Strong candidates bring:
- Deep working knowledge of BSA/FinCEN regulatory requirements
- Operational management experience across AML and OFAC programs
- Judgment to escalate the right issues at the right time
Compliance Manager or Director
This role sits between the CCO and front-line compliance staff, managing daily program operations, policy updates, training delivery, and monitoring activities. Where a CCO sets the direction, the Compliance Manager makes sure it actually gets executed. In many community banks, this person effectively functions as the de facto CCO.

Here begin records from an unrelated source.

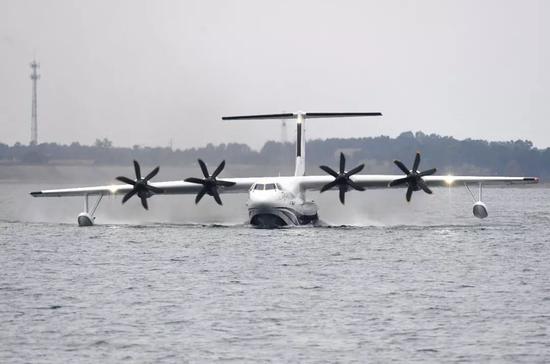 10月20日，“鲲龙”AG600在水上滑行。新华社记者 程敏 摄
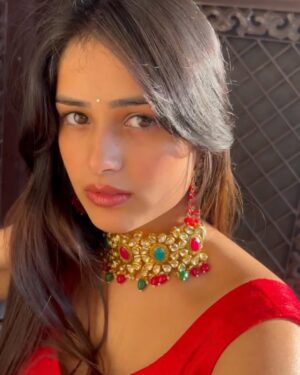 Khushi Maheshwari Instagram - Dhoop hai toh filter ki kya zarrorat? Bhai tanning ignore kare🥺
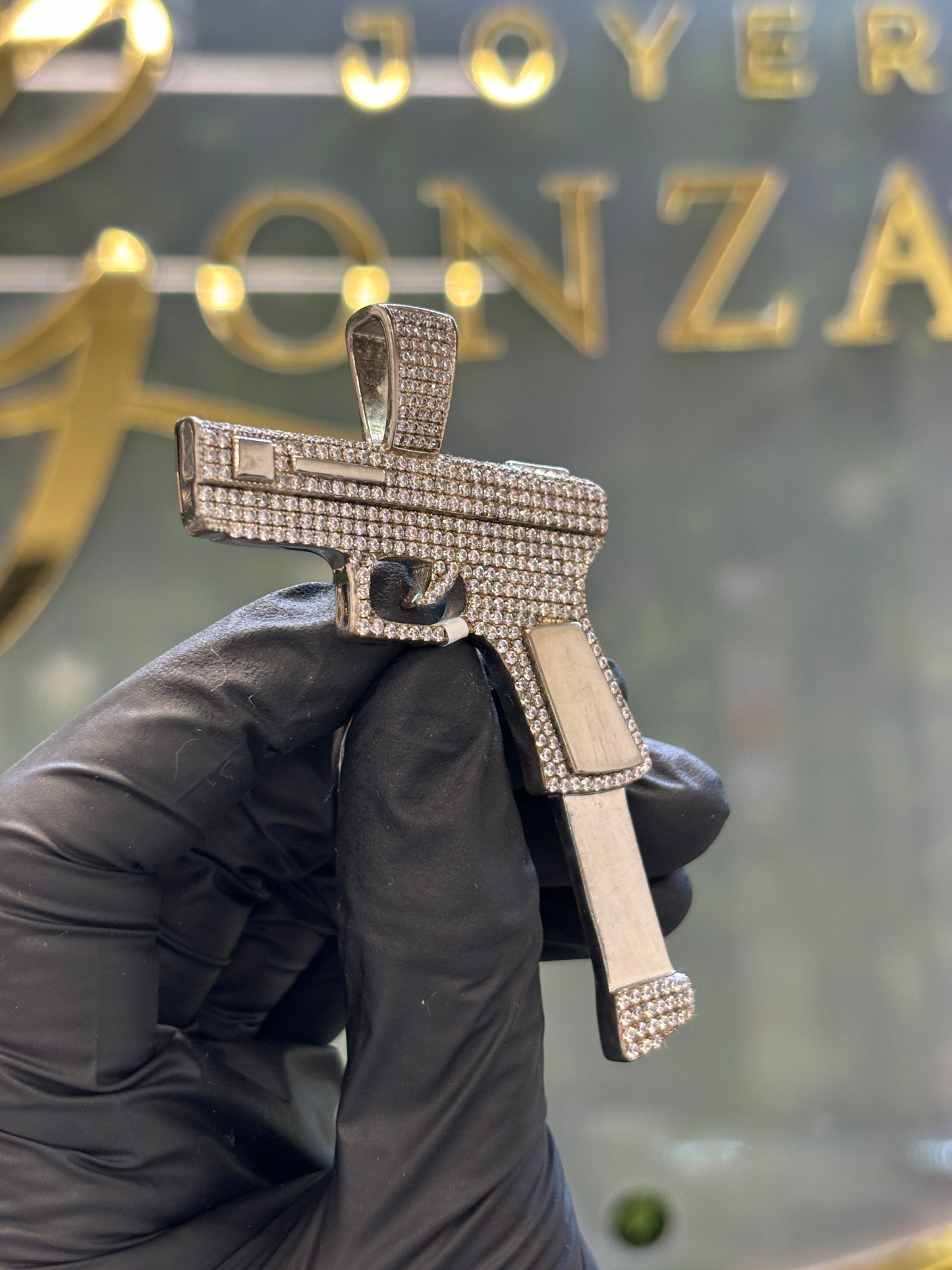 Dije pistola plata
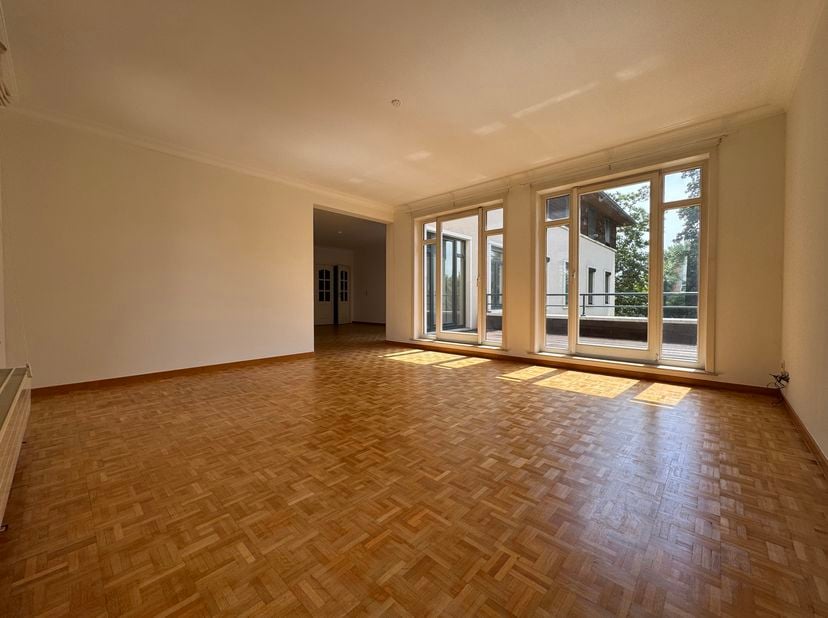 Situé sur la prestigieuse Avenue Brugmann à Uccle, à proximité immédiate des commerces, des transports en commun et de toutes les commodités, nous vou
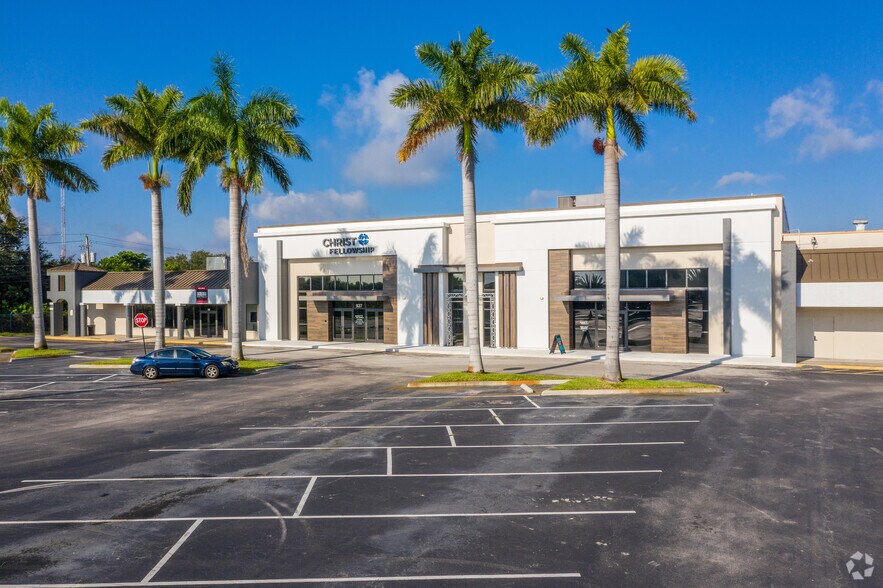 More Photos Of 925-939 14th Ln, Vero Beach Freestanding For Lease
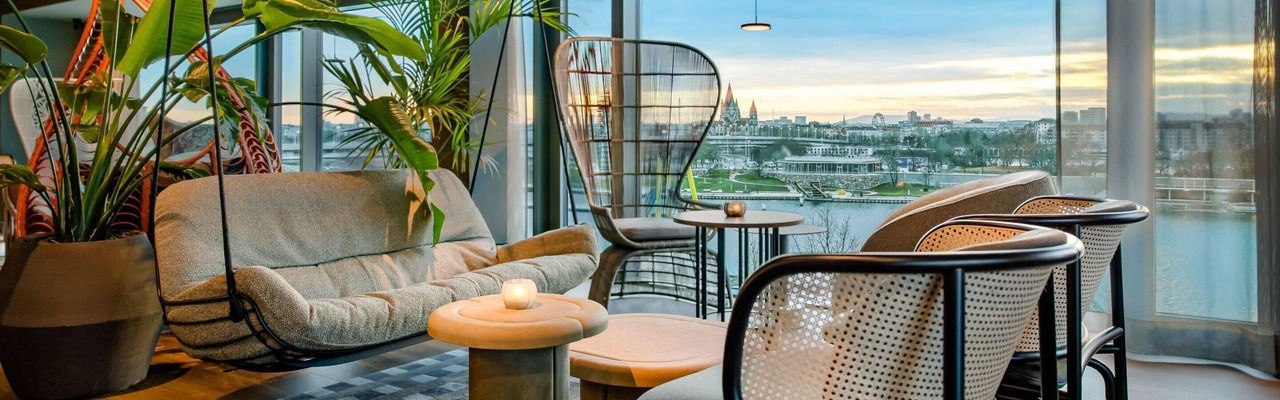 Lounge mit Donaublick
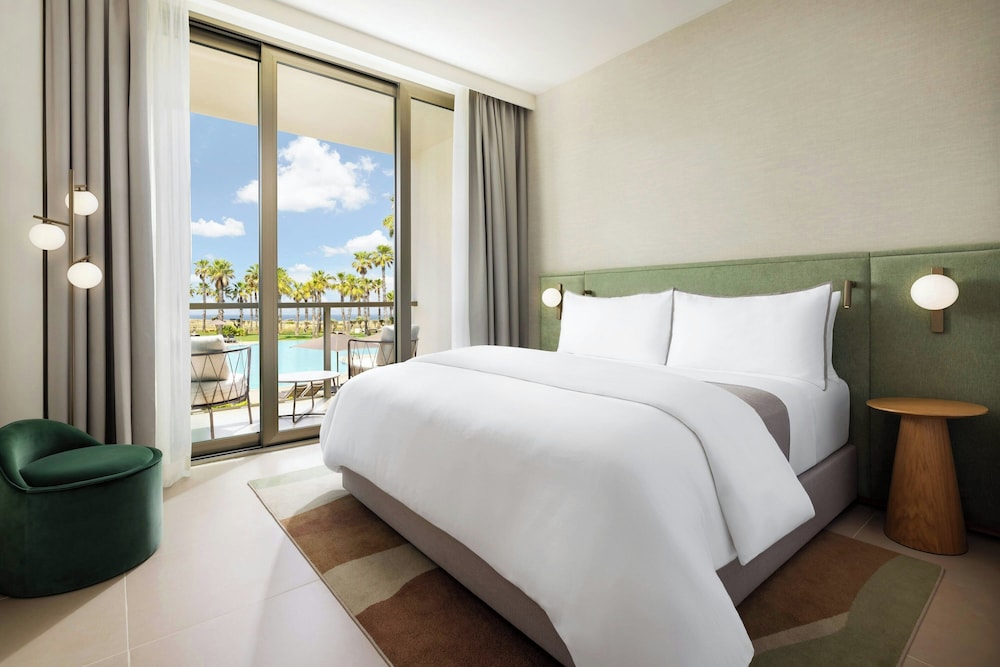 Deluxe Room, 1 King Bed, Balcony, Pool View - Photo 2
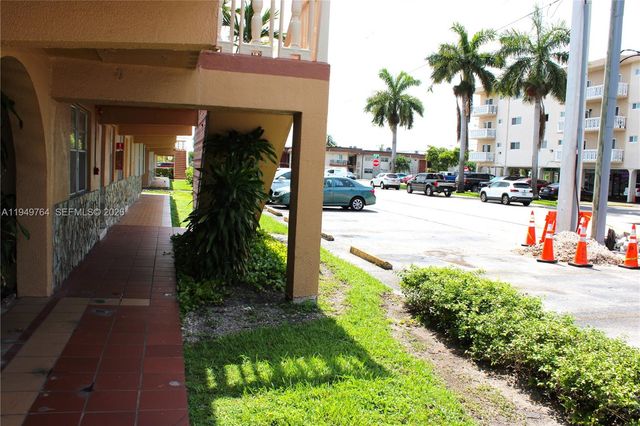 1154 W 35th St 221, Hialeah, FL 33012
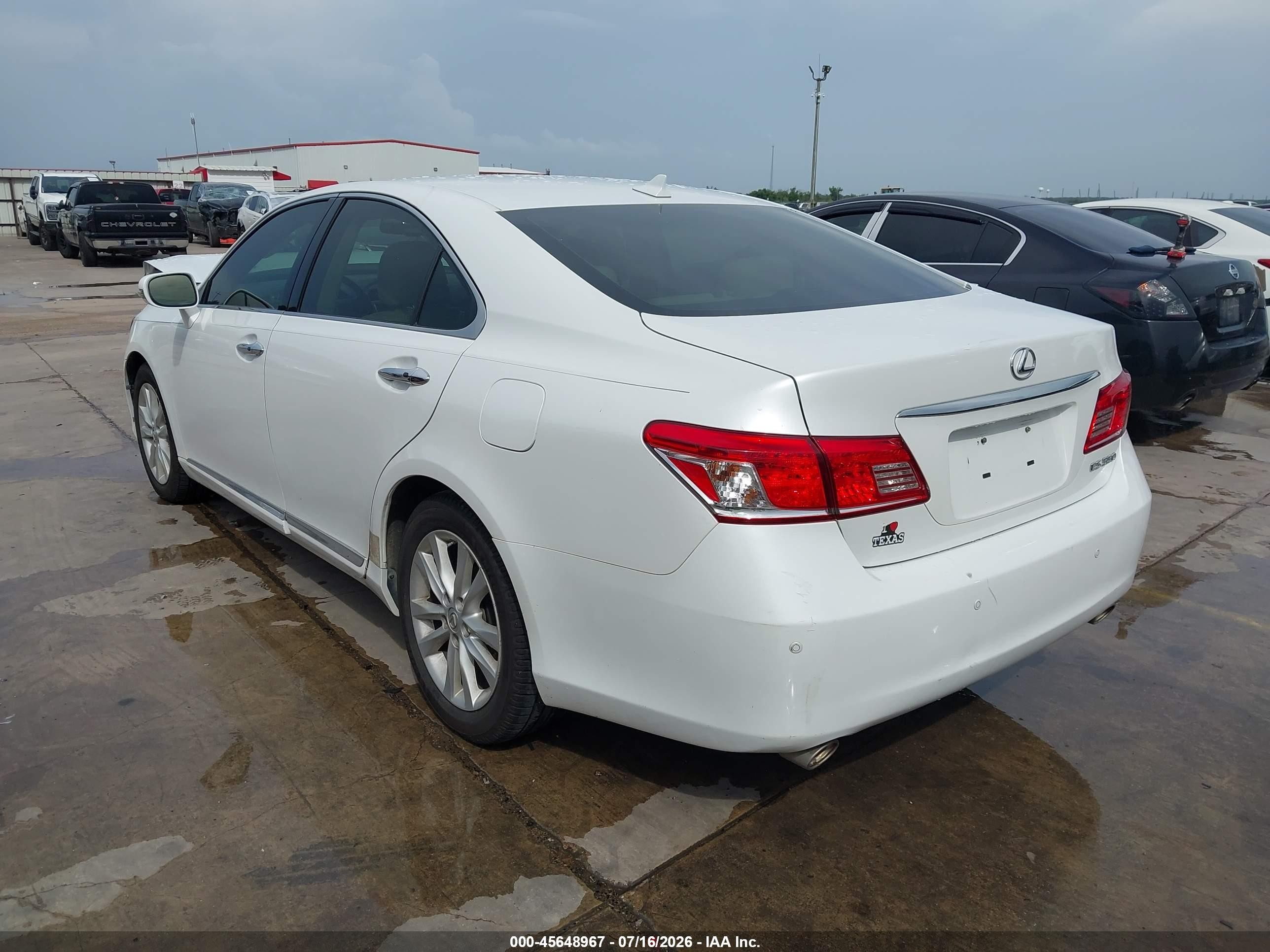 2011 Lexus Es 350   White vin: JTHBK1EG5B2454524
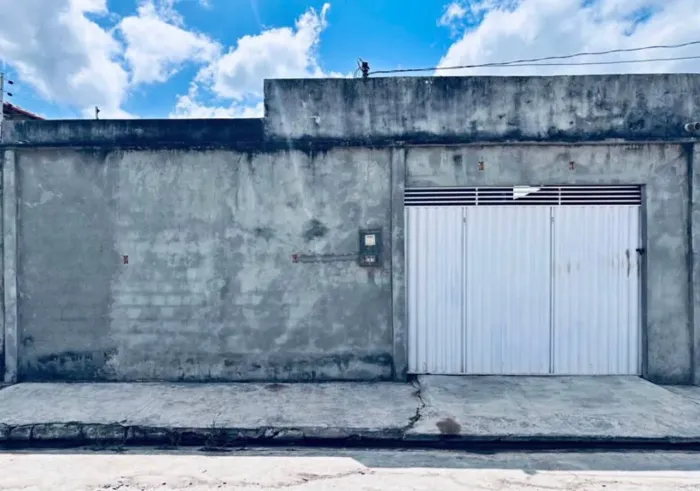 - vendo casa em Santo Antônio Vitória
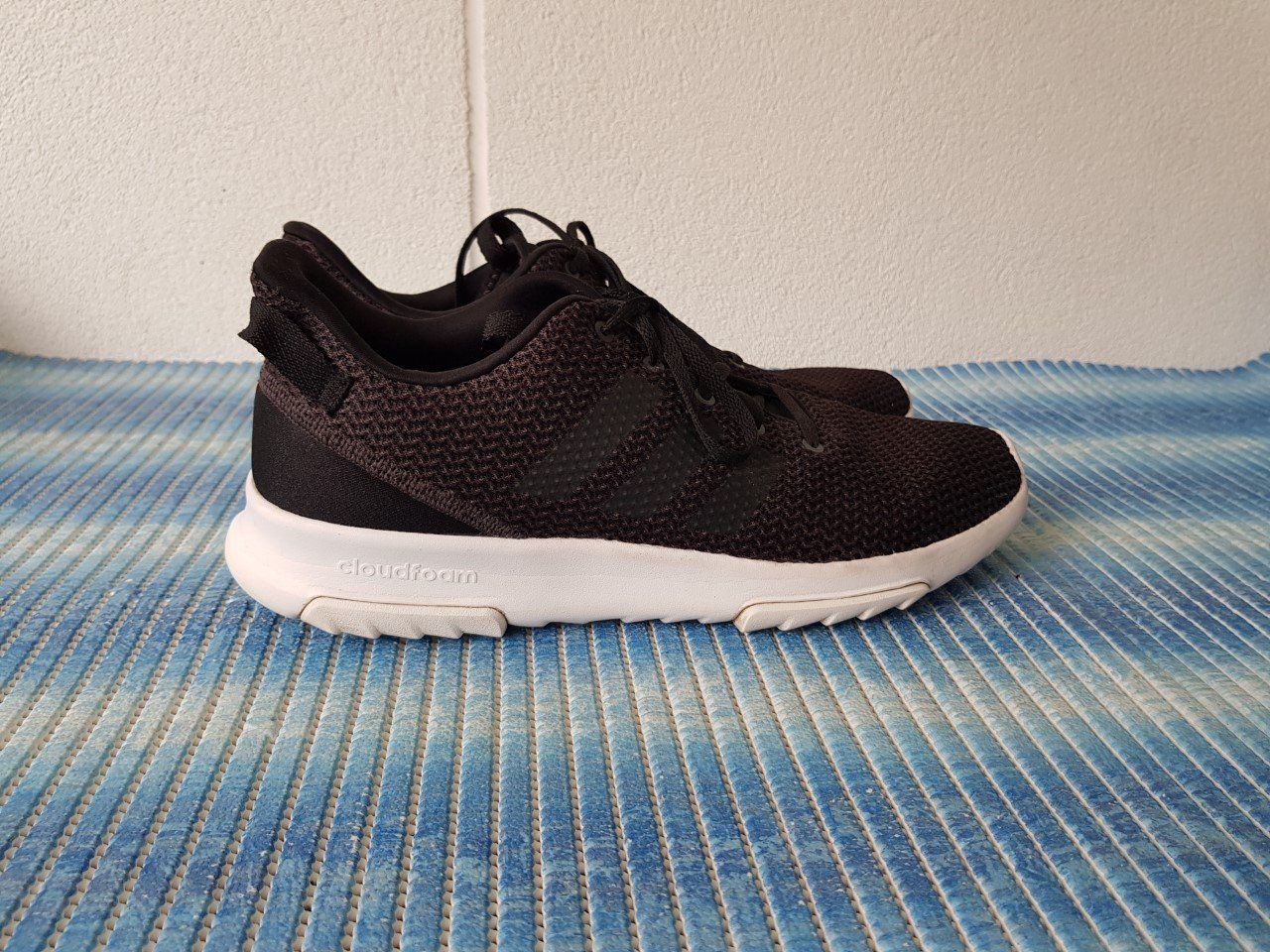 Adidas Herrenschuhe: Adidas Sneaker Grösse 45 – Gebraucht aus Basel von Birs868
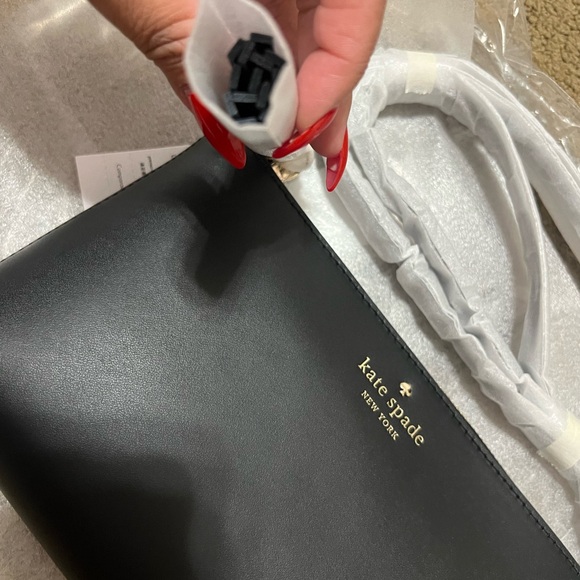 Kate Spade Elegant Black Shoulder Bag - Picture 2 of 5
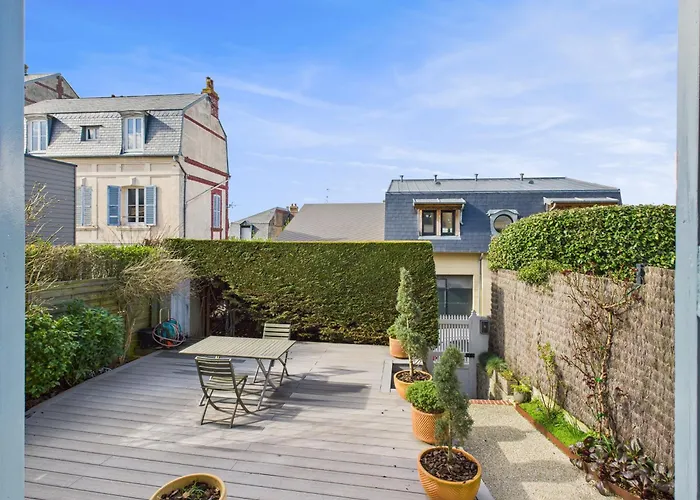 Villa Charme Et Jardin , A 200 Metres *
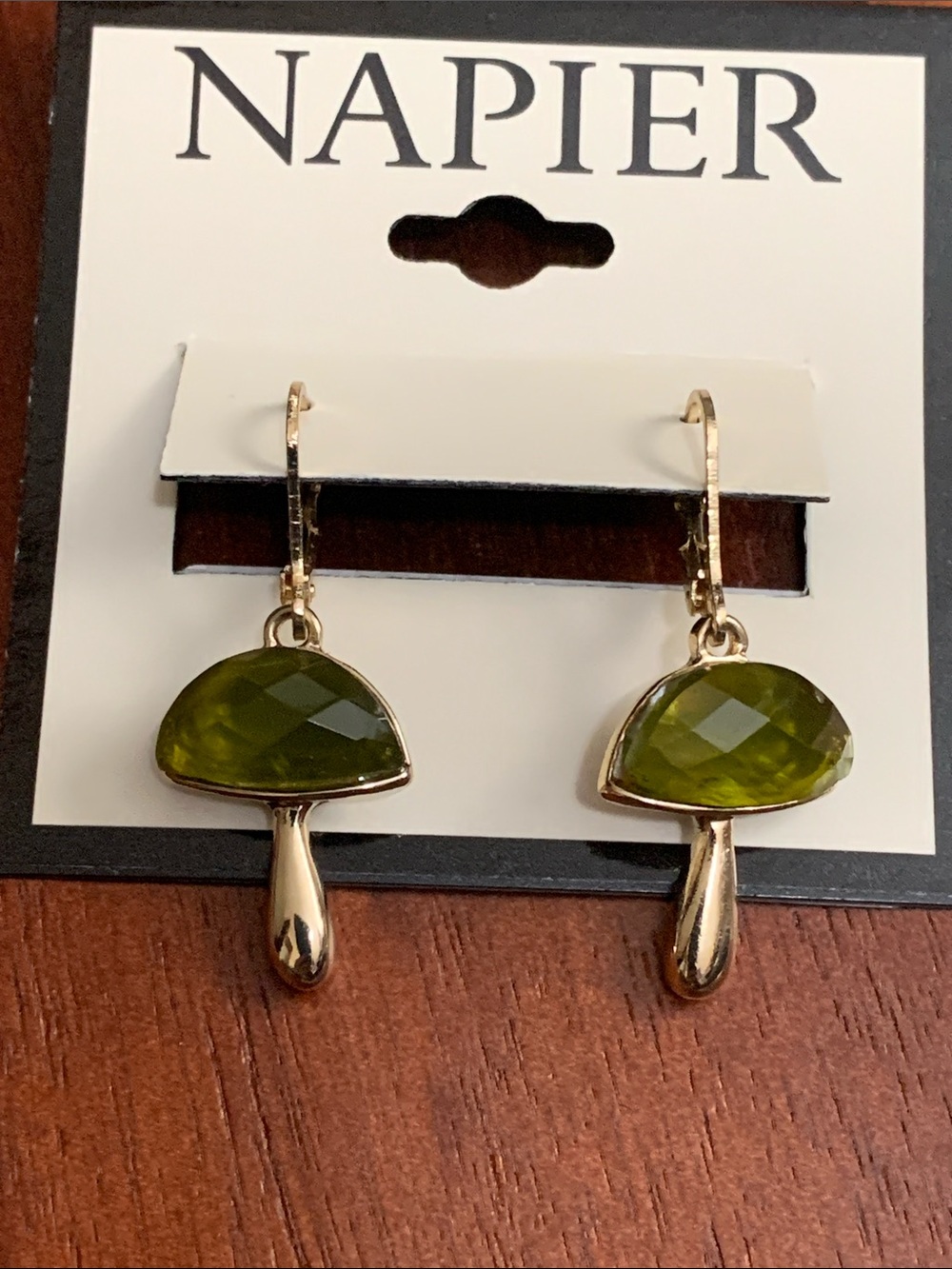 NWT Napier gold tone green stone mushroom earrings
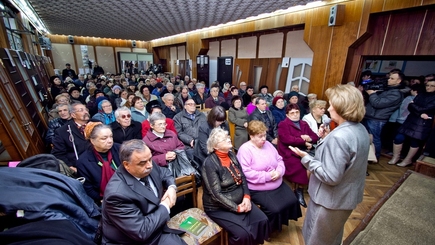 „SOLUŢIA” помогает  Обществу слепых Молдовы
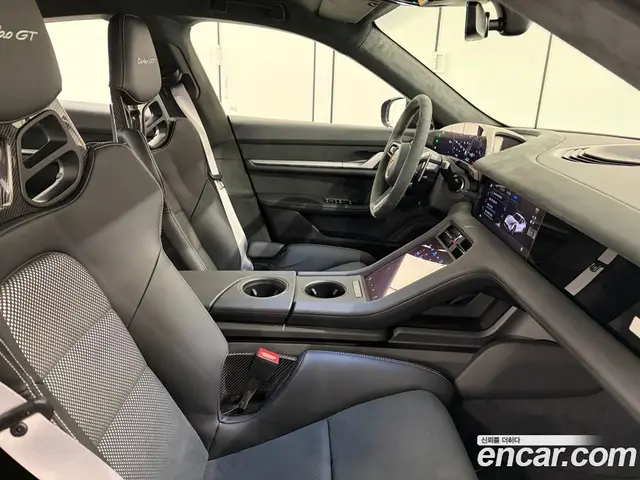 Porsche Taycan 2025 0.1 автомат (гидро), миниатюра 7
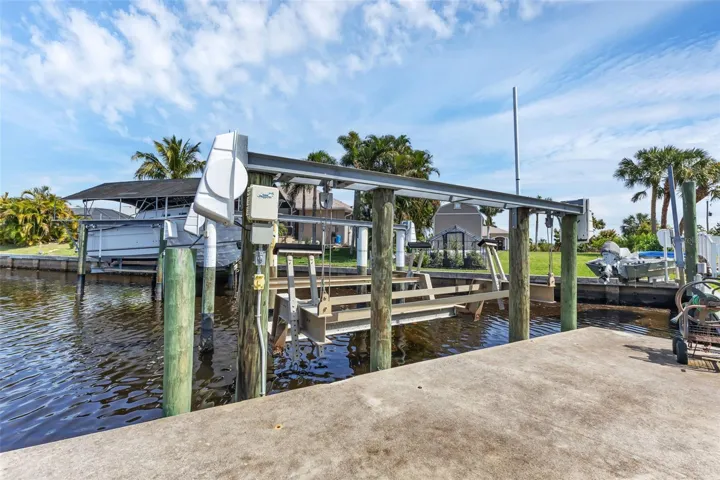 dock and sailoboat lift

Fair Lending and CRA Compliance Specialist
With CFPB's revised Section 1071 rule taking effect and HMDA reporting requirements growing more granular, this role demands statistical literacy alongside regulatory expertise. Specialists in this area need to run fair lending risk assessments, manage HMDA data integrity, and understand CRA examination methodology. CFPB scrutiny on small business lending data is expanding — institutions without dedicated fair lending expertise face growing examination risk.
Compliance Analyst
Entry-to-mid-level analysts handle testing, monitoring, documentation, and audit support — and are often the first hire when an institution starts scaling its compliance function. Building compliance pipeline here matters: the talent shortage is partly structural, and institutions that develop analysts internally are better positioned than those competing for experienced hires at every level.
What to Look for When Hiring a Compliance Leader
Define Generalist vs. Specialist First
Hiring the wrong profile is expensive. A CCO-level generalist with broad regulatory knowledge is the right hire when you need enterprise-level oversight and board engagement. A BSA/AML Officer specialist is the right hire when your AML program needs rebuilding or your examination history shows monitoring gaps. Before opening a search, define the scope: what regulatory obligations is this person primarily responsible for?
Wayoh's process starts here: helping clients shape the role before going to market, which consistently shortens time-to-hire and reduces mismatches.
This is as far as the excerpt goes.